# Directions
All entries below are to be retyped in full, precisely as they appear.

——————

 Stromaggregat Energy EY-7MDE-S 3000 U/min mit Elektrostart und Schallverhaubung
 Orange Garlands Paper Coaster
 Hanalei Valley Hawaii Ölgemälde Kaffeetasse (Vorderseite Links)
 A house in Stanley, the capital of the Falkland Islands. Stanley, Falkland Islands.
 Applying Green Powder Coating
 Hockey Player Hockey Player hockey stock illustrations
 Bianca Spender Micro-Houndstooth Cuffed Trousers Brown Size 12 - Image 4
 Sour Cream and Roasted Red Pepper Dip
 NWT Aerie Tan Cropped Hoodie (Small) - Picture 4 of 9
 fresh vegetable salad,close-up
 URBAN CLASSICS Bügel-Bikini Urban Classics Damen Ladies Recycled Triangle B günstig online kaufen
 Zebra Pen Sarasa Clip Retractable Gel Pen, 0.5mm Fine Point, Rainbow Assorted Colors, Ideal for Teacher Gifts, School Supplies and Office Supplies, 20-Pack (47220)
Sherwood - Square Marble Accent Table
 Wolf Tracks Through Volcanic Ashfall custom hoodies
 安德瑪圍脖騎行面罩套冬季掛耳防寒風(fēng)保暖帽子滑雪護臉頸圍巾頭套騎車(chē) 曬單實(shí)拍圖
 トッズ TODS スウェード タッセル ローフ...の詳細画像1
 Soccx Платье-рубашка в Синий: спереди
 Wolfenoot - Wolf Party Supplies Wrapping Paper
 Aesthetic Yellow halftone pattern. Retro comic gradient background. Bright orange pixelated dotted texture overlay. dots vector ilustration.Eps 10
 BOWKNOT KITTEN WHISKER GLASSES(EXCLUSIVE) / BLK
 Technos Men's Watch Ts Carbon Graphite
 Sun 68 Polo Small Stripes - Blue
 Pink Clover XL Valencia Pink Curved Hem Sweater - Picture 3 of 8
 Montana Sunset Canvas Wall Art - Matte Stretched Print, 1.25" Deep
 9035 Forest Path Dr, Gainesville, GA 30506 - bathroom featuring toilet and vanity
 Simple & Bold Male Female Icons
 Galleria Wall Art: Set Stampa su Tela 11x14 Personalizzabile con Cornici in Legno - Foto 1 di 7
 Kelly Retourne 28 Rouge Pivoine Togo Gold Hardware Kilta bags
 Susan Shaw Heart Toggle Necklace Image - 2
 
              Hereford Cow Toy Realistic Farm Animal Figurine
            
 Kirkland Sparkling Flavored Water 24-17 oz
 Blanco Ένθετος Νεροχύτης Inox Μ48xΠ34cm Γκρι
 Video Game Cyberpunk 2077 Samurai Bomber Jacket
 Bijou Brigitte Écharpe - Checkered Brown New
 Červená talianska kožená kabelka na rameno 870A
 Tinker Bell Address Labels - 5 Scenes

——————

# Expected output
 Stromaggregat Energy EY-7MDE-S 3000 U/min mit Elektrostart und Schallverhaubung
 Orange Garlands Paper Coaster
 Hanalei Valley Hawaii Ölgemälde Kaffeetasse (Vorderseite Links)
 A house in Stanley, the capital of the Falkland Islands. Stanley, Falkland Islands.
 Applying Green Powder Coating
 Hockey Player Hockey Player hockey stock illustrations
 Bianca Spender Micro-Houndstooth Cuffed Trousers Brown Size 12 - Image 4
 Sour Cream and Roasted Red Pepper Dip
 NWT Aerie Tan Cropped Hoodie (Small) - Picture 4 of 9
 fresh vegetable salad,close-up
 URBAN CLASSICS Bügel-Bikini Urban Classics Damen Ladies Recycled Triangle B günstig online kaufen
 Zebra Pen Sarasa Clip Retractable Gel Pen, 0.5mm Fine Point, Rainbow Assorted Colors, Ideal for Teacher Gifts, School Supplies and Office Supplies, 20-Pack (47220)
Sherwood - Square Marble Accent Table
 Wolf Tracks Through Volcanic Ashfall custom hoodies
 安德瑪圍脖騎行面罩套冬季掛耳防寒風(fēng)保暖帽子滑雪護臉頸圍巾頭套騎車(chē) 曬單實(shí)拍圖
 トッズ TODS スウェード タッセル ローフ...の詳細画像1
 Soccx Платье-рубашка в Синий: спереди
 Wolfenoot - Wolf Party Supplies Wrapping Paper
 Aesthetic Yellow halftone pattern. Retro comic gradient background. Bright orange pixelated dotted texture overlay. dots vector ilustration.Eps 10
 BOWKNOT KITTEN WHISKER GLASSES(EXCLUSIVE) / BLK
 Technos Men's Watch Ts Carbon Graphite
 Sun 68 Polo Small Stripes - Blue
 Pink Clover XL Valencia Pink Curved Hem Sweater - Picture 3 of 8
 Montana Sunset Canvas Wall Art - Matte Stretched Print, 1.25" Deep
 9035 Forest Path Dr, Gainesville, GA 30506 - bathroom featuring toilet and vanity
 Simple & Bold Male Female Icons
 Galleria Wall Art: Set Stampa su Tela 11x14 Personalizzabile con Cornici in Legno - Foto 1 di 7
 Kelly Retourne 28 Rouge Pivoine Togo Gold Hardware Kilta bags
 Susan Shaw Heart Toggle Necklace Image - 2
 
              Hereford Cow Toy Realistic Farm Animal Figurine
            
 Kirkland Sparkling Flavored Water 24-17 oz
 Blanco Ένθετος Νεροχύτης Inox Μ48xΠ34cm Γκρι
 Video Game Cyberpunk 2077 Samurai Bomber Jacket
 Bijou Brigitte Écharpe - Checkered Brown New
 Červená talianska kožená kabelka na rameno 870A
 Tinker Bell Address Labels - 5 Scenes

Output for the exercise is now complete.